Why can't some types (with array notation) be used as return type in C without typedef?

Question

While messing around with the type syntax, I noticed this is legal :

typedef int *((* T)[10]);

T fun(){
  return 0;
};

int main(int argc, char * argv[]){
  //int c = fun(); // (1)
  return 0;
}

...And if you uncomment (1), then you get an error message of this kind (GCC / Clang) : "error: cannot initialize a variable of type 'int' with an rvalue of type 'T' (aka 'int *((*)[10])')" (Normal so far).
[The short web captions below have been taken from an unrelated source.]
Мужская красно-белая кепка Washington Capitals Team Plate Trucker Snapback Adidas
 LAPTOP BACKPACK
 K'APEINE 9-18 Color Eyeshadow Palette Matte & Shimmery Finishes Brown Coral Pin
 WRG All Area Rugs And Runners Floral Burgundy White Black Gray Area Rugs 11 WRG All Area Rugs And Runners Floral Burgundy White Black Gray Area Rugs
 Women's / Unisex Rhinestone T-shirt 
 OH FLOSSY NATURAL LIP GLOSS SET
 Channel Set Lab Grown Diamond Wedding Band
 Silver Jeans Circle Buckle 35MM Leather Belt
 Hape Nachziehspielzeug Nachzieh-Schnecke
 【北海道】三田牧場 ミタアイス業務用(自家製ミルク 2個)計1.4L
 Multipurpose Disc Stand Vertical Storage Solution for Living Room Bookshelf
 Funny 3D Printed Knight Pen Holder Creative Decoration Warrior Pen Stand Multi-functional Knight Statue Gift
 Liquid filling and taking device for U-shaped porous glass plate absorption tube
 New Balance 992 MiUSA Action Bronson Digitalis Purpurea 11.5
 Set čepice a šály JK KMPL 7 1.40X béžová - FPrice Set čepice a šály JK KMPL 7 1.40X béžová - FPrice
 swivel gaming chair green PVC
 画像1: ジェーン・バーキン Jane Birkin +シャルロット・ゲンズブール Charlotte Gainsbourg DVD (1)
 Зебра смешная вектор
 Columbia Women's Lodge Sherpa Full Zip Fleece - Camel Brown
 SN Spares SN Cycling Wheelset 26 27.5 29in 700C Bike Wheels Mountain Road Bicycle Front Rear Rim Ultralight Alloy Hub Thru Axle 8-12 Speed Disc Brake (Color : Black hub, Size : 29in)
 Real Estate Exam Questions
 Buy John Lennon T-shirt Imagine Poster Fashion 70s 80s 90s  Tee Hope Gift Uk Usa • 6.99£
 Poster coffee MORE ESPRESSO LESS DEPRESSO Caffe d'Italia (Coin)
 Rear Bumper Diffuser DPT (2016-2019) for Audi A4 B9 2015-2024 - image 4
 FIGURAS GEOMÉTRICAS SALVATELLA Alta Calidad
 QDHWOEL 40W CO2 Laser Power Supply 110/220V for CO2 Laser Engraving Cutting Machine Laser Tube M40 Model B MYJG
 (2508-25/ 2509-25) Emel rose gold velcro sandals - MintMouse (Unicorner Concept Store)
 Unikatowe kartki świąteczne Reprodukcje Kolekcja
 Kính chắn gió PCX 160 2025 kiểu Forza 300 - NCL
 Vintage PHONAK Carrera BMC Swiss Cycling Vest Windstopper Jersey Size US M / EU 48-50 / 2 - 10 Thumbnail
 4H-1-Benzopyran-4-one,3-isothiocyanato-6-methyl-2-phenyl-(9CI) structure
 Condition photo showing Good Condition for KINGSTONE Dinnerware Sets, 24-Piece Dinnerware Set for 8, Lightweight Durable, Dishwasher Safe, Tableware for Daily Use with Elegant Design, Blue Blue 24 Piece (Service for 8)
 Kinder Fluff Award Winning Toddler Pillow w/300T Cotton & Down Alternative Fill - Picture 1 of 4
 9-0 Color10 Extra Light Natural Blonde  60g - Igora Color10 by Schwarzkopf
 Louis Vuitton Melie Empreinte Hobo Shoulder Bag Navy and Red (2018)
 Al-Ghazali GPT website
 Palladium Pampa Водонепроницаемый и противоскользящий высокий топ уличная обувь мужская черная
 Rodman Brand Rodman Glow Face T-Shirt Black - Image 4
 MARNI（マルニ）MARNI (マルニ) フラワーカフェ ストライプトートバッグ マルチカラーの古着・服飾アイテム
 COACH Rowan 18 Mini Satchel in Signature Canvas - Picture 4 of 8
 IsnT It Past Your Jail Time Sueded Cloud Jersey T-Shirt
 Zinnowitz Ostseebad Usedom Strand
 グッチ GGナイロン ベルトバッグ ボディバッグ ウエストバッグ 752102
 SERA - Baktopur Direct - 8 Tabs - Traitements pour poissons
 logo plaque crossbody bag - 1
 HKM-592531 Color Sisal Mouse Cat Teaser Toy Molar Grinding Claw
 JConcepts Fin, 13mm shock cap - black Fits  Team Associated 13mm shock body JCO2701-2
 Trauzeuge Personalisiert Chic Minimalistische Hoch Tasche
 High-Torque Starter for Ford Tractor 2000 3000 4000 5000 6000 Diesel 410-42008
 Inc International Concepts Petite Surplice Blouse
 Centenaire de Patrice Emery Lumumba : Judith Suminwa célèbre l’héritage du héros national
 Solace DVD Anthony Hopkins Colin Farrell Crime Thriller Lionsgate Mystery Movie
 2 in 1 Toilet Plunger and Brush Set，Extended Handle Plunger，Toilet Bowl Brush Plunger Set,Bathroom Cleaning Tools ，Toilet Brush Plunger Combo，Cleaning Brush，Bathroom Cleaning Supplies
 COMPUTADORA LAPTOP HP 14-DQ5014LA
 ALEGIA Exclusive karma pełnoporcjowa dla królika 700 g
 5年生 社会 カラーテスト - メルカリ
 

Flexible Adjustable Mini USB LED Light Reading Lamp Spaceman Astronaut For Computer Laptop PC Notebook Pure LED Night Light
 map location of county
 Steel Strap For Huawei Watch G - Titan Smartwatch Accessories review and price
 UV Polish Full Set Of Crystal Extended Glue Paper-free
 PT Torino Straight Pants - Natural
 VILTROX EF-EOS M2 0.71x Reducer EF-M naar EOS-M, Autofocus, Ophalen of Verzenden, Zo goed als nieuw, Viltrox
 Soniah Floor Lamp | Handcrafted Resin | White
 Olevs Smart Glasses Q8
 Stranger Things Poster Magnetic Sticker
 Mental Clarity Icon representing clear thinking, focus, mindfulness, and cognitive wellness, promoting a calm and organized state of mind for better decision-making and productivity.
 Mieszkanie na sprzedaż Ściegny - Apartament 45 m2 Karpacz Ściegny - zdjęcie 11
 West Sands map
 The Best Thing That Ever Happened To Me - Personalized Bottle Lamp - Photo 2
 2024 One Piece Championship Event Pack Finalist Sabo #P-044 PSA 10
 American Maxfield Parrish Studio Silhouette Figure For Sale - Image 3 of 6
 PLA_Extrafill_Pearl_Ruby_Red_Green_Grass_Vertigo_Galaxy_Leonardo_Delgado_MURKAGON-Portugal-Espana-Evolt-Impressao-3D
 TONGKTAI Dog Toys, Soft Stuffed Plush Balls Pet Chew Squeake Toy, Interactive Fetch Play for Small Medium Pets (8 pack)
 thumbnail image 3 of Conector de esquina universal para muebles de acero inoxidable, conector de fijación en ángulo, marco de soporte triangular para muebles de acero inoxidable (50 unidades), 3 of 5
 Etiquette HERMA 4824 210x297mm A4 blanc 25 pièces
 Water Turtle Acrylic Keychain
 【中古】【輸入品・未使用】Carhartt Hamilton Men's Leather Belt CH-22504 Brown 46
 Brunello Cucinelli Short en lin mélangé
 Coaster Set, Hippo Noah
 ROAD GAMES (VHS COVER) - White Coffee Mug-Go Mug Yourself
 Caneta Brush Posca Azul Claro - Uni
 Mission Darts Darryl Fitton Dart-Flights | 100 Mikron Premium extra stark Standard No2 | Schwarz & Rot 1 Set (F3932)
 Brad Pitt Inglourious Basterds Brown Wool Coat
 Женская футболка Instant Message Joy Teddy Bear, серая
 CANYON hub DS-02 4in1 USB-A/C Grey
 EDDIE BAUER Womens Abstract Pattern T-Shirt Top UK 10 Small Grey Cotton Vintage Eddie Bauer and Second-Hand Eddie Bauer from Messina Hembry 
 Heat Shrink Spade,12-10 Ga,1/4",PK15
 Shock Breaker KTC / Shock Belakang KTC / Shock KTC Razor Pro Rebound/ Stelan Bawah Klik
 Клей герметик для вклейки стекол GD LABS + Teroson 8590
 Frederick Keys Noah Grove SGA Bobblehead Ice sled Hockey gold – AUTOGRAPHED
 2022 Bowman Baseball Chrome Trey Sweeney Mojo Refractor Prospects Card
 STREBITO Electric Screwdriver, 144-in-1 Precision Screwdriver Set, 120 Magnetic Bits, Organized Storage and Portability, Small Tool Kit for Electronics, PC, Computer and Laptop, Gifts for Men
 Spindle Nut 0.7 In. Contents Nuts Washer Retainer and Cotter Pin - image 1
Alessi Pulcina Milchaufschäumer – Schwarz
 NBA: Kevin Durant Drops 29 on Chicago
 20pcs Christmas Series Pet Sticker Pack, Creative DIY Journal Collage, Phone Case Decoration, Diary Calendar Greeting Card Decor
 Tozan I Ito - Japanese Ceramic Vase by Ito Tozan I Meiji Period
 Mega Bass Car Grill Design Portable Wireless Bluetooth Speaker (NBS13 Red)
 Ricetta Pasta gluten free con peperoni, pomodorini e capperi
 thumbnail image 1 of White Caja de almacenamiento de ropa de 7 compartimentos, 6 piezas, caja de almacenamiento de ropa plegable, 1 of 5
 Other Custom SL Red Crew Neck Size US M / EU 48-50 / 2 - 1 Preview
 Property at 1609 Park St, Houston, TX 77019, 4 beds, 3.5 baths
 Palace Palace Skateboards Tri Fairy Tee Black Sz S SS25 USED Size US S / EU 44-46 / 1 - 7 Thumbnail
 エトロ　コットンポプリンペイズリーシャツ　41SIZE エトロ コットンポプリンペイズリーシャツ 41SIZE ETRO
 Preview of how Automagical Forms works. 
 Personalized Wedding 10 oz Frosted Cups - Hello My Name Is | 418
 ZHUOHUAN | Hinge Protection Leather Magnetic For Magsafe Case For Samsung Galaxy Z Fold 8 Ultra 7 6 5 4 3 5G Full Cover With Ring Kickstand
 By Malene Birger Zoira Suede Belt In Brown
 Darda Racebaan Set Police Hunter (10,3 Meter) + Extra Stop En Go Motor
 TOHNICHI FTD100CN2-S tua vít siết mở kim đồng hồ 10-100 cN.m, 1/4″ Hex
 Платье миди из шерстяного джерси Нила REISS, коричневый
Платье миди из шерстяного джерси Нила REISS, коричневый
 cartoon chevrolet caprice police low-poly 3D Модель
Notice however the "aka" that points out the type is an alias of int *((*)[10]) and not simply int ***

However, It seems impossible to declare a function with this type without using a typedef :

int *((*)[10]) fun(){ // The compiler does not approve
  return 0;
};

int *((* fun2)[10]) (){ // The compiler does not approve either
  return 0;
};

int main(int argc, char * argv[]){
  //int c = fun(); // (1)
  return 0;
}

...Then I was wondering why ? (the question is for the C language, but it looks like it's the same for C++)

Answer 1

The original

typedef int *((* T)[10])

can shed the outer parens:

typedef int *(* T)[10]

Or aligned with dbush's function:

typedef int *(*   T   )[10]
        int *(* fun() )[10]

Answer 2

This type:

typedef int *((* T)[10]);

Is a pointer to an array of size 10 whose members are of type int *. This is not the same as an int ***.

As for creating a function that returns this type, you would need this:

int *(*fun())[10] {
  return 0;
};

But using a typedef makes this much clearer.

Answer 3

int *((*fun())[10]) {
  return 0;
};

... Yup. You should probably stick to the typedef for the sake of readability :)